The Institute for Family Studies is a right-leaning organization that advocates for traditional family norms, so I’m not surprised that Stone’s piece has the framing or headline that it does. (Stone and I also had a lengthy back-and-forth via DM about some of these very same issues). Two researchers can look at the same analyses and draw different conclusions. My takeaway is two-fold: men’s share of household labor is associated cross-sectionally with birth rates across countries, and women’s subjective sense of unfairness predicts lower birth rates over time. Both findings run against the prevailing pronatalist wisdom that simply reinstating traditional gender roles will boost the birth rate. In fact, it suggests the exact opposite of this frequently echoed assumption. If we want to raise the birth rate, we should care about whether women feel like they are getting a fair deal within their marriages.

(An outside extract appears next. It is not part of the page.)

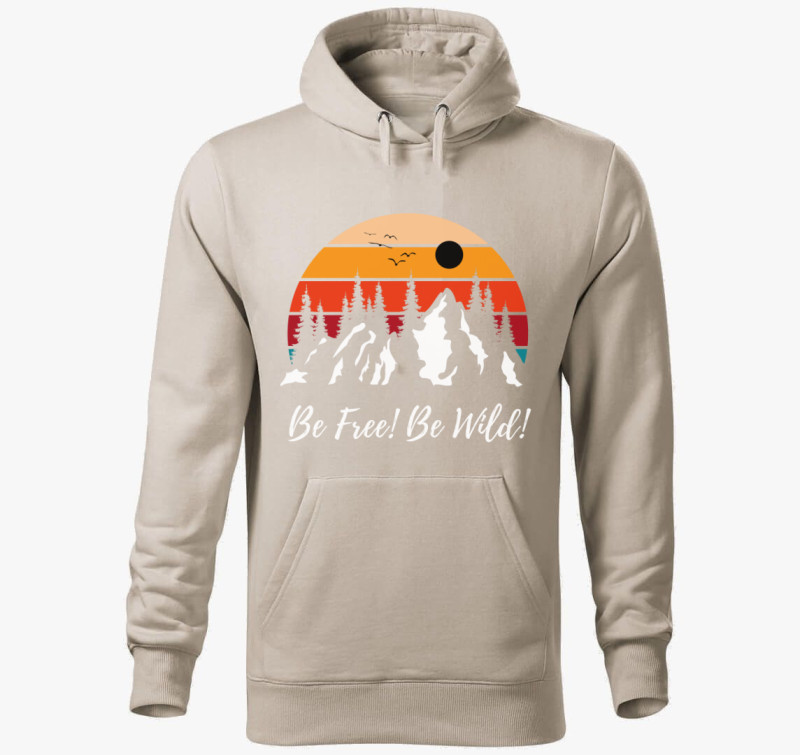 Be Free Be Wild! színes kapucnis pulóver — Drapp szürke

I've really enjoyed reading both sides of this discussion. It's wonderfully complex and it's such a pleasure to see both sides arguing in good faith. Personally, I'd much prefer efforts to increase birth rate in developed countries like ours to focus on quality of life (parental and child) in addition to quantity. I've seen how the strategy of women being entirely devoted to child-rearing works in impoverished countries: enormous families desperately scraping by. Fathers who never spend time with their family since they must work 24/7 to support them, and mothers who are so tied to child care they lose their personality and become a drudge. I really don't think that's a model for American success. Give me the family with a Dad cheerfully making casserole and changing diapers rather than the big family with Dad at the office till nine pm and mom popping Valium in the broom closet. I do agree with Stone on one point, however. Let's work as a society to take some of those balls out of the air that American families are forced to juggle!
(disclaimer... Darby is my sister so I may have an unfairly biased viewpoint, and I, as a Dad to some healthy American kids, LOVE to make them garlic bread and lasagna dinners.)
I also respect Lyman but hate how he blithely answers "nope, that's not it" with so much certainty when reasons for low birth rates are proposed. Low birth rates are clearly a multi-factorial problem, and the factors likely interact! Like when someone (was it you?) proposed kids from larger families likely have larger families. Seems like a totally plausible piece of the puzzle, but he was like "nope, not supported by evidence." Would love to see researchers stop studying any one factor in isolation because this is not how the real world works. For example, I had a third kid both because I was married to a kind, supportive husband who does 100% of meal planning and cooking, and because I'm from a large Catholic family with a tendency for larger families, and because I could afford it, and because my first two births were vaginal so it felt safer. 🤷♀️ No one of these factors explains my choice but the combination of them made a difference.